* About this exercise
Search the records for the string "with" and return each line that has it.

* Stored records
·····
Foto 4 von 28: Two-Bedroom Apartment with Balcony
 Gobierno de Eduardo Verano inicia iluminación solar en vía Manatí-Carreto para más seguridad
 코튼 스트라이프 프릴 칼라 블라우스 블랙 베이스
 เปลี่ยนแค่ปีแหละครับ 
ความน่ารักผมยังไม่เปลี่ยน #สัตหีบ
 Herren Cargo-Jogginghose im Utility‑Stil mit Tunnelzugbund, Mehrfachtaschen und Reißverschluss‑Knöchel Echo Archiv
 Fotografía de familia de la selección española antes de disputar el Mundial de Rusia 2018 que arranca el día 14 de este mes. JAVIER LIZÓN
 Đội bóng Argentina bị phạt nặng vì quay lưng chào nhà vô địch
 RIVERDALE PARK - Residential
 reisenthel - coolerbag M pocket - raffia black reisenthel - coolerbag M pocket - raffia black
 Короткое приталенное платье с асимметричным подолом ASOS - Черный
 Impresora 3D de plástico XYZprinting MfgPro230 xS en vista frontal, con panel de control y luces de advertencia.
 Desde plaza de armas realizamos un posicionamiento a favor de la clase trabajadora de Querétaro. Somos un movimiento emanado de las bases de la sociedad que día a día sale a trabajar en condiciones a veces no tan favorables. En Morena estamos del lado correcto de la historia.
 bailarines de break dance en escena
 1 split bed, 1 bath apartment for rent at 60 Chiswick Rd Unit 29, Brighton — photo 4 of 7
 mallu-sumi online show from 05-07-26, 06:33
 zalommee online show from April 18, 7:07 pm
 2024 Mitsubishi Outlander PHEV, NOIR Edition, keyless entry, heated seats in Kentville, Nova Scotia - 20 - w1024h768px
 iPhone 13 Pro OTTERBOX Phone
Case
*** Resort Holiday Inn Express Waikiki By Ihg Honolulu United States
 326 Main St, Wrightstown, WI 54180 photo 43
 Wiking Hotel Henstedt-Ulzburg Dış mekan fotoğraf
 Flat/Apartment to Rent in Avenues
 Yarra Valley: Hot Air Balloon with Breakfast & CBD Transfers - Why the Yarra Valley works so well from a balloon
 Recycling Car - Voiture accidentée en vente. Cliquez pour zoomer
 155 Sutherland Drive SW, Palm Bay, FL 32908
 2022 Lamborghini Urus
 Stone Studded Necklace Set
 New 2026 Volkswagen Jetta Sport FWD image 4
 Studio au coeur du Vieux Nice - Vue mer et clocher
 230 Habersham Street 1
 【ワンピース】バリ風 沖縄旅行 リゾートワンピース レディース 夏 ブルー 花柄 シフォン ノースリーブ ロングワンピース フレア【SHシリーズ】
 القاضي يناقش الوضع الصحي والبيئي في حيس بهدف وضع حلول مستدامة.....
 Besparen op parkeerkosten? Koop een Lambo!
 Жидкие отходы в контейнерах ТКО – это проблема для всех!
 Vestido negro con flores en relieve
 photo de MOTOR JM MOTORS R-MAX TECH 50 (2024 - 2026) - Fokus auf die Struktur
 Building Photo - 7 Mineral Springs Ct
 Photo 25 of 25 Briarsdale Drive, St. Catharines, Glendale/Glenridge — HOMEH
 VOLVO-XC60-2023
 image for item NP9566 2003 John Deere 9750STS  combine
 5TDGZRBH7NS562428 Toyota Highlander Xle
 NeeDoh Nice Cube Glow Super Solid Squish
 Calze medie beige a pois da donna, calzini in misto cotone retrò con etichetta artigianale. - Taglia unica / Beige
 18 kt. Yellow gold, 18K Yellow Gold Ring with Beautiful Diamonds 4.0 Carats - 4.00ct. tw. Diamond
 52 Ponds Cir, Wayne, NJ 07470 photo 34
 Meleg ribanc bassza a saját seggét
·····
* Completed task
Foto 4 von 28: Two-Bedroom Apartment with Balcony
 Yarra Valley: Hot Air Balloon with Breakfast & CBD Transfers - Why the Yarra Valley works so well from a balloon
 18 kt. Yellow gold, 18K Yellow Gold Ring with Beautiful Diamonds 4.0 Carats - 4.00ct. tw. Diamond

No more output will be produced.